Cette somme a en grande partie transité par un compte bancaire d’AICI à la Société générale. A Paris, l’agence immobilière fondée par l’actuelle première dame de Côte d’Ivoire, Dominique Ouattara, se chargeait de faire « écran » et de régler les appartements avec les chèques de la société. Parfois, un avocat, Me François Meyer, était même utilisé pour payer plusieurs centaines de milliers d’euros pour le compte de M. Bongo. Puis, Me Normand – condamné en 2015 pour abus de faiblesse contre la milliardaire Liliane Bettencourt –, effectuait les actes « en toute connaissance de cause », selon les enquêteurs. Un procédé destiné à dissimuler l’identité du véritable acquéreur et ainsi éviter d’attirer l’attention des autorités sur l’origine frauduleuse des fonds de l’autocrate gabonais, pilier de la Françafrique. Contactés, Me Normand, Mme Gandon et Me Meyer n’ont pas souhaité réagir.

« Chercher la responsabilité des personnalités publiques est important, mais ce n’est pas suffisant pour mettre un terme à l’impunité, souligne Sophie Lemaître, spécialiste au sein de U4, un centre norvégien de recherche sur les questions de corruption. Il faudrait que, systématiquement, les enquêteurs remontent tous les maillons de la chaîne et ne négligent pas les professions légales et financières intermédiaires, comme les notaires et les professionnels de l’immobilier. »

« Porosité du secteur immobilier »

Banques, avocats, notaires, cabinets d’audit ou de conseil, gestionnaires de fortunes ou agents immobiliers peuvent jouer un rôle technique déterminant pour permettre à leurs clients d’injecter dans des circuits légaux de l’argent issu de transactions douteuses.
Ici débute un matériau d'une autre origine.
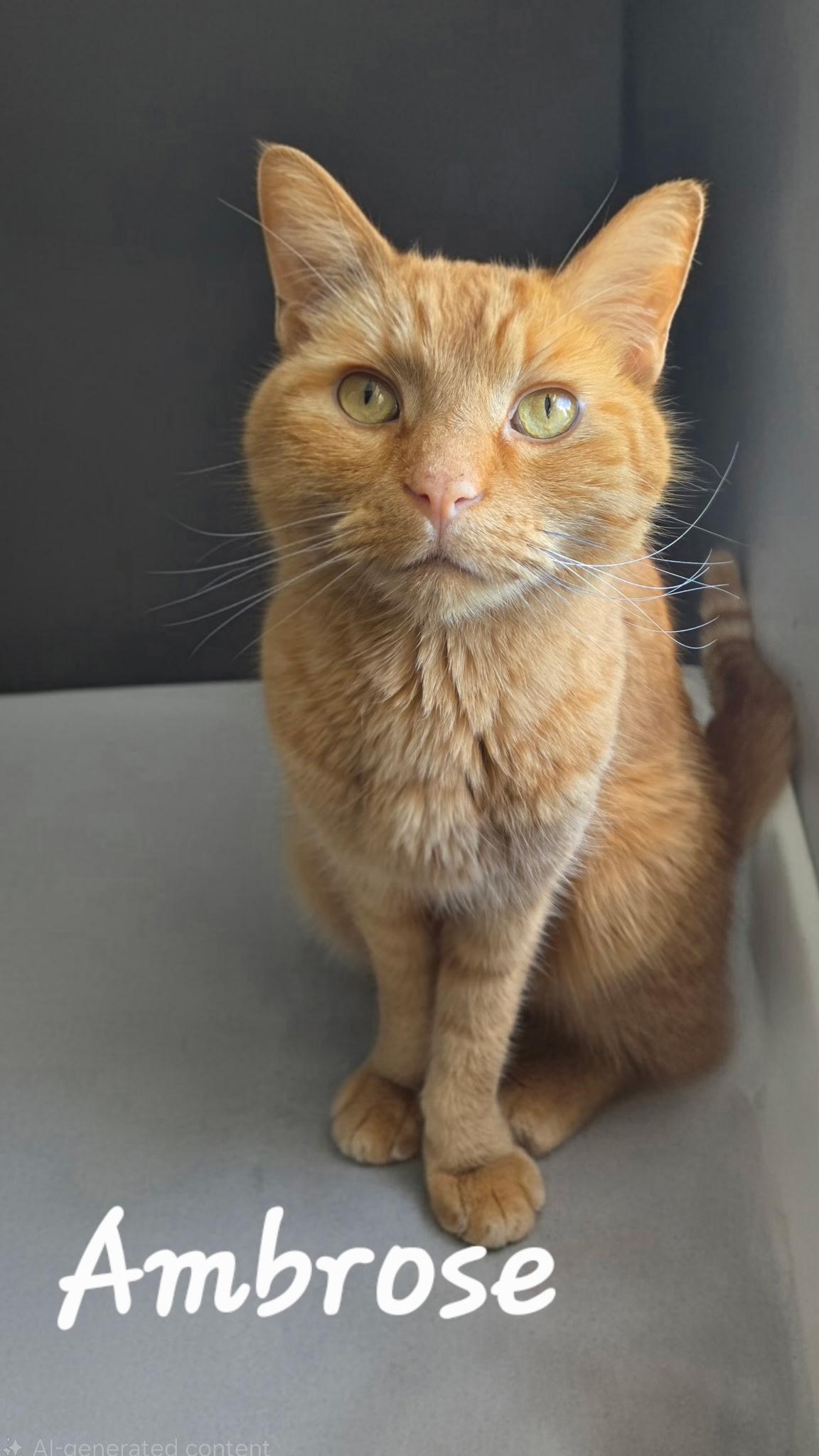 Ambrose , ADOPTABLE, Adult Male Domestic Short Hair.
Des complicités qui restent néanmoins difficiles à démontrer. Jusqu’alors, seule la banque américaine Riggs Bank avait été condamnée, en 2004, pour avoir blanchi des centaines de millions de dollars issus de la corruption en Guinée équatoriale et ne pas avoir alerté les autorités. Depuis, aucun établissement bancaire n’a été poursuivi sur ce type d’infractions même si, en France, le Parquet national financier (PNF) élargit son champ d’actions à ces acteurs.

« Le PNF est particulièrement déterminé à faire aboutir les poursuites pénales dirigées contre les intermédiaires, qu’ils soient localisés en France ou à l’étranger », explique au Monde le magistrat Jean-François Bohnert qui dirige le PNF. « Dans ce dernier cas, notre engagement dans la voie de la coopération judiciaire internationale est d’autant plus fort et efficace que nous bénéficions du soutien actif de nombreux pays à travers le monde, ajoute le procureur de la République financier. Ces contacts opérationnels sont entretenus, notamment, à la faveur de l’engagement de la France dans le réseau des Etats parties à la Convention des Nations unies contre la corruption de 2003 et du développement par le PNF d’une véritable stratégie de diplomatie judiciaire. »

Dans son dernier rapport rendu public en décembre, Tracfin constate en effet « la porosité du secteur immobilier français au blanchiment de capitaux issus d’infractions commises à l’étranger, notamment par des personnes politiquement exposées ». La cellule française de renseignement financier pointe également « le recours à des sociétés aux objets sociaux variés utilisées comme intermédiaires pour récolter les fonds d’origine délictueuse sur des comptes professionnels servant in fine à des dépenses courantes ou à des investissements », tels que des biens immobiliers ou des placements financiers.

Les notaires, tout comme les avocats, mais aussi les agents immobiliers, sont tenus de signaler aux autorités tout soupçon de blanchiment de fonds. Les avocats français n’ont effectué qu’une seule déclaration en 2018 – contre 1 474 pour les notaires – et aucune l’année précédente.